» What the exercise asks
Look below for the line with "Women Connect Global" and the line with "Figure 3.2: Tetrahedron"; repeat exactly those two lines and all lines between them, but no pictures.

» Data records

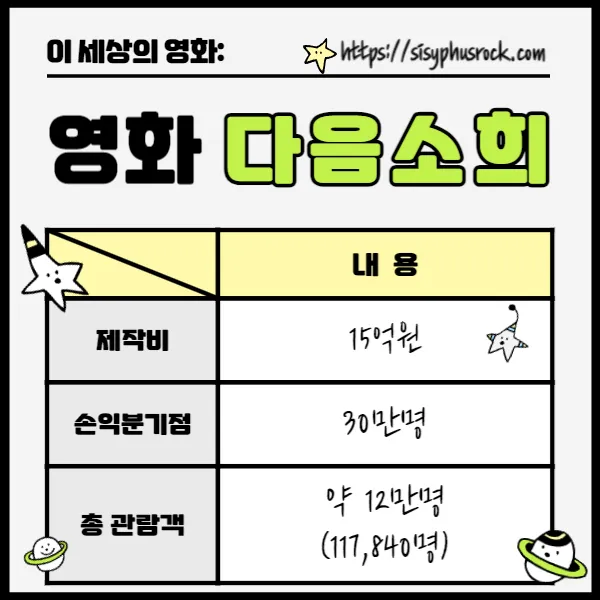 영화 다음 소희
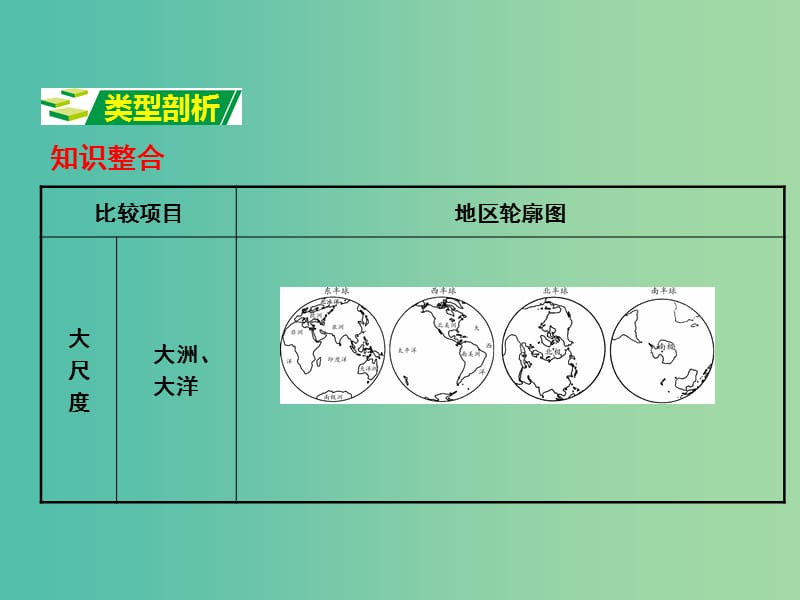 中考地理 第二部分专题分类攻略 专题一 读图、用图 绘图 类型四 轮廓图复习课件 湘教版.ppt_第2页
* * *
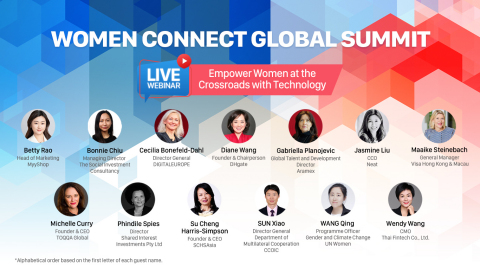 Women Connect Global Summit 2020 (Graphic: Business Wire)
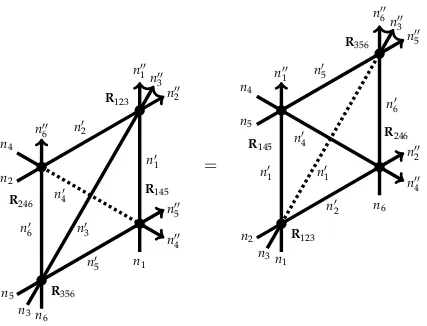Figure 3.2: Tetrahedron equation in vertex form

» The completed task
 Women Connect Global Summit 2020 (Graphic: Business Wire)
Figure 3.2: Tetrahedron equation in vertex form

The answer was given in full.